I have a Cassandra table which looks like this
CREATE TABLE tmp.inventory (
t_id text,
is_available boolean,
modified_at bigint,
price double,
available_units bigint,
PRIMARY KEY(t_id, modified_at)
) WITH CLUSTERING ORDER BY (modified_at);
I have a streaming pipeline which updates the items in Cassandra. The streaming pipeline is checkpointed at an interval. So when the pipeline fails, it will re-process the source data since last successful checkpoint. And when it re-processes after a failure, it will try to overwrite data in Cassandra which were successfully written already (i.e. after last successful checkpoint but before failure). I was thinking of leveraging the modified_at
column to achieve this. Something like
UPDATE tmp.inventory SET is_available = ? WHERE t_id = ? AND modified_at < ?

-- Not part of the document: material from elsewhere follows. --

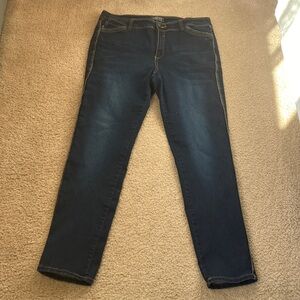 Classic Indigo Skinny Jeans for Women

This is me trying to do the update only if the modified_at in Cassandra is lesser than the modified_at in the pipeline. However, this throws InvalidQueryException: Slice restrictions are not supported on the clustering columns in UPDATE statements
I though IF condition can help in this case.
UPDATE tmp.inventory SET is_available = ? WHERE t_id = ? IF modified_at < ?

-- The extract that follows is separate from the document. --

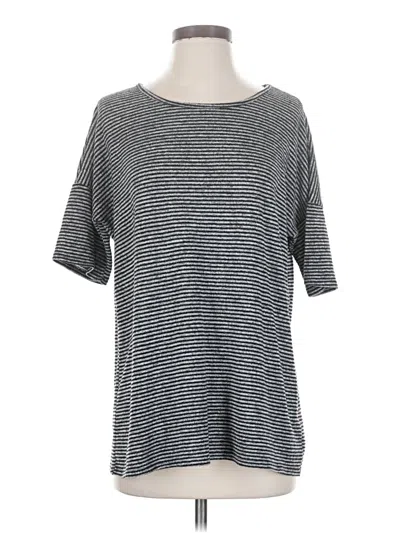 Pre-owned Bombom Short Sleeve T-shirt In Gray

but this throws InvalidQueryException: PRIMARY KEY column 'modified_at' cannot have IF conditions
So what would be the ideal way to handle this?

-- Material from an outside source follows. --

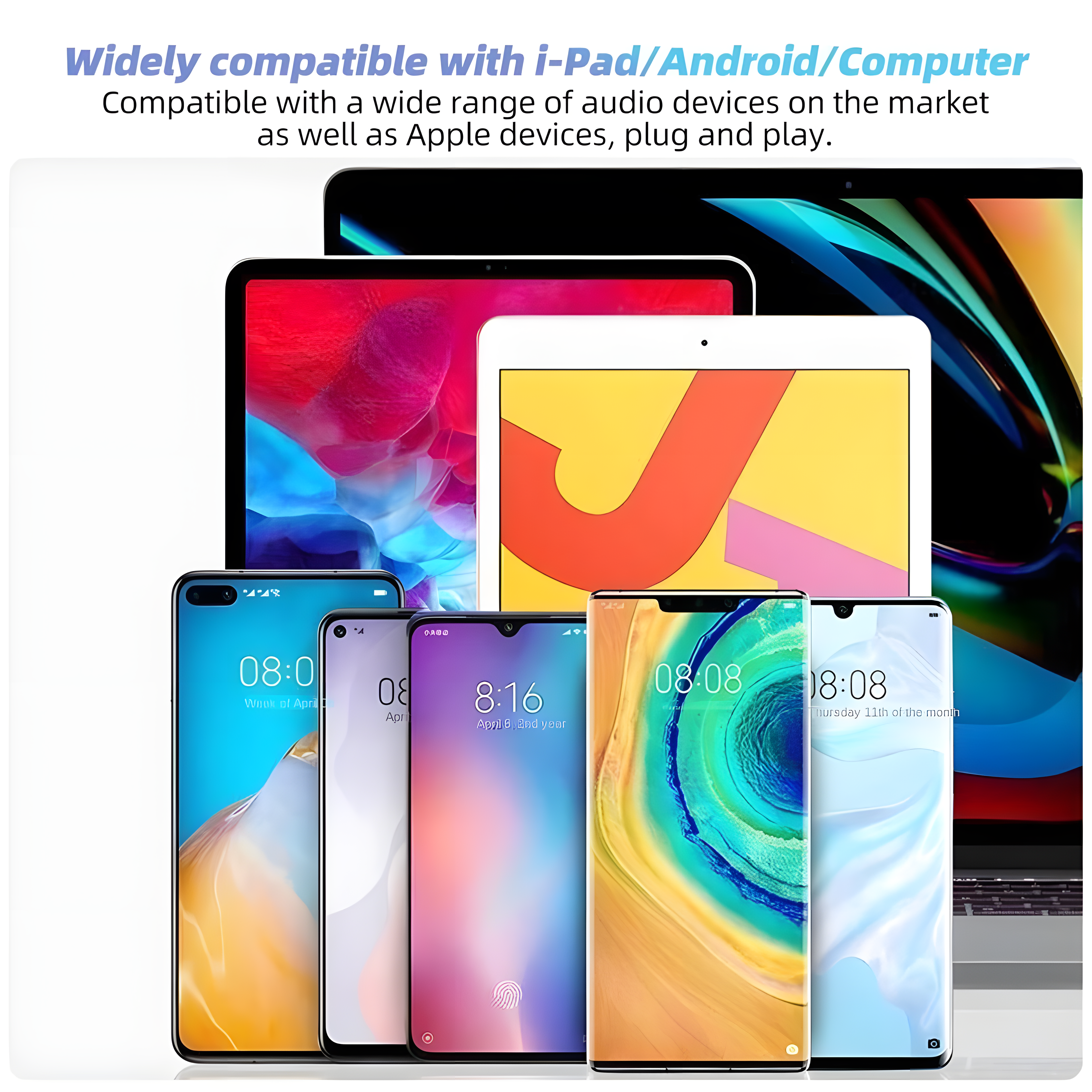 Type-C Apple original earphones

Edit If I'm only having these fields in this table, then re-processing the events may not be that big of a problem, as it will eventually become consistent as and when the pipeline catches up to the live stream but say there is another streaming job which updates the same table with current price, available units, etc. In that case, if one of the job fails and re-starts, the table could be in an in-consistent state.